STOW – In recognition of the service of Marine Private First Class John L. Stow, and all those soldiers who served in Vietnam or have gone Missing in Action fighting for our country, the State Route 394 bridge crossing Interstate 86 in the Town of North Harmony and hamlet of Stow was today named the “John Stow Vietnam Veterans and MIA Memorial Bridge.”
During a ceremony at the Hadley House in Stow, state Sen. Catharine Young, R,C,I-Olean, and Assemblyman Andrew Goodell, R,C-Chautauqua County, joined family, friends, and local officials in unveiling the new sign memorializing native son John Stow, who was killed in Vietnam while serving with the U.S. Marines, on February 13, 1968, at the age of just 18. In addition to Stow, the currently unnamed bridge, which is fittingly located so close to the Veterans Memorial Bridge passing over Chautauqua Lake, will serve as an additional memorial to all American soldiers who served in Vietnam, as well as all those who have gone Missing in Action overseas.
Young and Goodell passed legislation to have the bridge named after being contacted by family members and local officials. Gov. Cuomo signed the bill into law this summer.
“Marine PFC John L. Stow made the ultimate sacrifice when he gave his life in Vietnam. He embodies all of those heroic soldiers who dedicated themselves to serving our country in war. This bridge will from now on serve as a perpetual memorial to PFC Stow, all those who served in Vietnam, and every soldier who has gone Missing in Action while protecting our freedoms and liberty. May they never be forgotten,” Young said.
“Private First Class John L. Stow, a native son of North Harmony, is by all definitions a true hero. Though his tour in Vietnam was short, at just 18 years old the dedication and sacrifice he showed on behalf of his fellow Marines embodies the type of heroics that we all should strive to emulate. Now, as we pass over the John Stow Vietnam Veterans and MIA Memorial Bridge, it will serve as a small token of thanks and an ever-present reminder of the cost it takes to keep us free,” Goodell said.
“I am grateful that this bridge, in such close proximity to his home, is being dedicated to John Stow, a Vietnam veteran, and all Vietnam veterans and MIA,” said Sally Carlson, North Harmony town supervisor.
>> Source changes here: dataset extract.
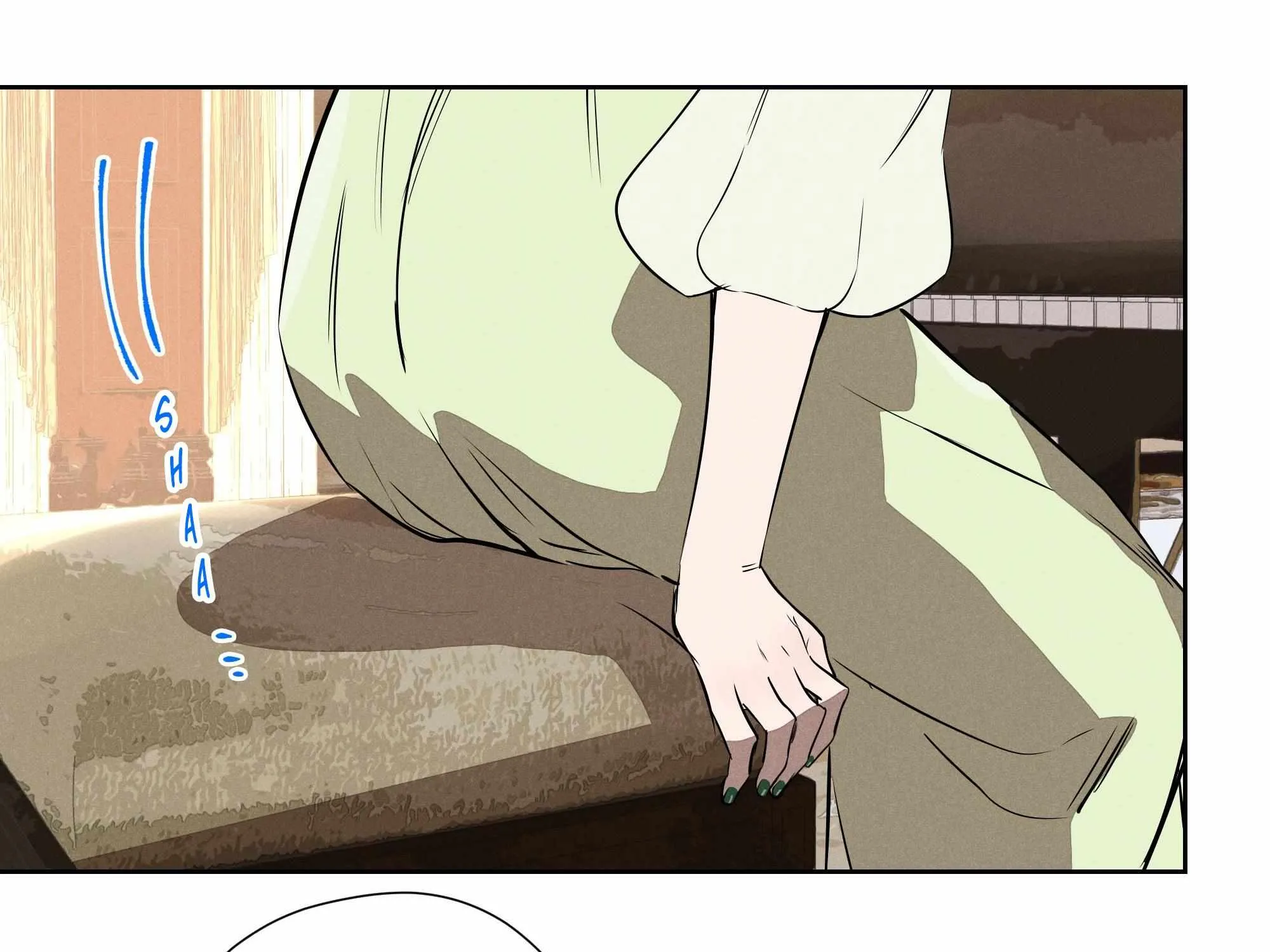 Read Fugue Across Worlds chapter 10 image 101 on Lezhin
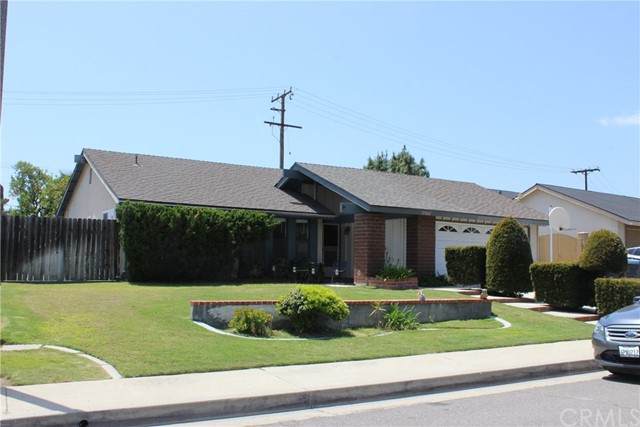 25062 Tree Avenue - Photo 1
“I think it’s just great that veterans of the Vietnam War are being recognized with this bridge dedication. They have been ignored for too long and were not treated well when they came home. To be named for John Stow is especially appropriate because before I-86 was constructed he personally walked through that location as a youngster every day,” said Jay Gould, Chautauqua County Legislature chairman.
When PFC Stow went to Vietnam at the age of 18, he was there for only a few short weeks before making the ultimate sacrifice and falling in battle. His life, cut far too short, nevertheless had a profound impact upon his family, fellow Marines, community, and entire nation.
A true hero in every sense and a leader among his fellow Marines, Stow was a model soldier who garnered the admiration and respect of those who knew him. For this reason, it is fitting that this bridge will bear his name as a representative of all his fellow Vietnam veterans, many of whom went Missing in Action and whose ultimate fate remains unknown.
Today, by designating the State Route 394 bridge as the “John Stow Vietnam Veterans and MIA Memorial Bridge,” their sacrifice will receive the recognition it deserves as everyone who passes it will be reminded of those who are to thank for the freedoms we enjoy today.
“John was a real hometown boy who grew up in and loved this community, which our family has lived in for generations. He gave his life and everything he had for us, so it is a great honor and very fitting that this bridge will bear his name and he be recognized in this way,” said Frank Stow Jr., John’s brother.
“The commitment and sacrifice of men like John Stow is an inspiration for us all. As a nation we owe our Vietnam War veterans a tremendous debt of gratitude for what they went through, especially those who never came home. They are role models whose selfless service to our country must never be forgotten and this bridge is one way for us to ensure they are always remembered and honored,” Young said.